Die Staatsangehörigkeit der Vereinigten Arabischen Emirate[1] bestimmt die Zugehörigkeit einer Person zu dieser Föderation sieben kleiner Staaten am persischen Golf. Wie in der arabischen Welt allgemein folgt das emiratische Staatsbürgerschaftsrecht dem Abstammungsprinzip (ius sanguinis) nur in männlicher Linie.

Historisches

Die Randgebiete des persischen Golfes gerieten im 19. Jahrhundert unter die Oberhoheit des Osmanischen Reiches oder des britischen Weltreiches. Dieses verwaltete seine Protektorate dort bis 1935 als Teil Britisch-Indiens im Rahmen der Persian Gulf Residency. Formal blieben die damals wenigen Einwohner Untertanen der örtlichen Herrscher (Emire, Scheichs), im Ausland galten sie als “British protected persons.” Daran änderte auch die Staatsangehörigkeitsreform des British Nationality Act 1948 nichts. Das Gebiet der modernen VAE wurde kolonialrechtlich zuletzt, bis zur Unabhängigkeit, als Trucial States (dt.: Seeräuberküste) verwaltet. Arabische Zuwanderung war zu dieser Zeit nicht erwünscht.[2]

Die konstituierenden Fürstentümer waren 1971 Abu Dhabi, Dubai, Schardscha, Adschman, Umm al-Qaiwain und Fudschaira. Ra’s al-Chaima trat 1972 bei.[3] Bereits seit 1952 (und bis 2004) gaben die einzelnen Emirate jeweils Reisepässe aus, Nomaden erhielten keine.

Seit Mitte der 1960er Jahre gab es eine Kommission, die klären sollte, welche im Ausland lebenden Emiratis eventuell einen Anspruch auf Staatsangehörigkeit haben würden. Registrierungen waren bis 1980 möglich.

Öl entdeckte man 1958 in Abu Dhabi und 1966 in Dubai. Die Volkszählung 1968 ergab 179.055 Einwohner, davon 25.000 in Abu Dhabi-Stadt.[4] Erst die Geldschwemme nach den Ölkrisen 1973 und 1980 machte ein vermehrtes Anwerben ausländischer Fachkräfte bezahlbar.

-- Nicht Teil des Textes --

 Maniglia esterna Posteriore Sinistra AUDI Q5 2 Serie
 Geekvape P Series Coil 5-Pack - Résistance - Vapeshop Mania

Es entstand ein Wohlfahrtsstaat für eingeborenen Bewohner, die Zugewanderten wurden nur eingeschränkt zugelassen.

Staatsbürgerschaftsgesetz 1972

Zum Stichtag 2. Dezember 1971 wurden alle Staatsangehörigen der einzelnen Emirate Staatsbürger der VAE.

Das englisch als Citizenship and Passport Law, Nr. 17 bekannte Gesetz verlieh zum 1. Januar 1972 die emiratische Staatsbürgerschaft an alle (Nachfahren) von seit 1925 in den Trucial States ansässigen Arabischstämmigen.[5] Eine erste Änderung erfolgte durch Gesetz Nr. 10, 1975.[6] Die neue Verfassung 1996 brachte Staatsangehörigkeitssachen in die ausschließliche Zuständigkeit des Bundes.

Durch Geburt, gleichwo auf der Welt, werden alle Kinder eines männlichen VAE-Bürgers Staatsangehörige. Uneheliche Kinder müssen vom Vater anerkannt werden. Über die unverheiratete Mutter erfolgt die Vererbung nur, wenn der Vater unbekannt ist.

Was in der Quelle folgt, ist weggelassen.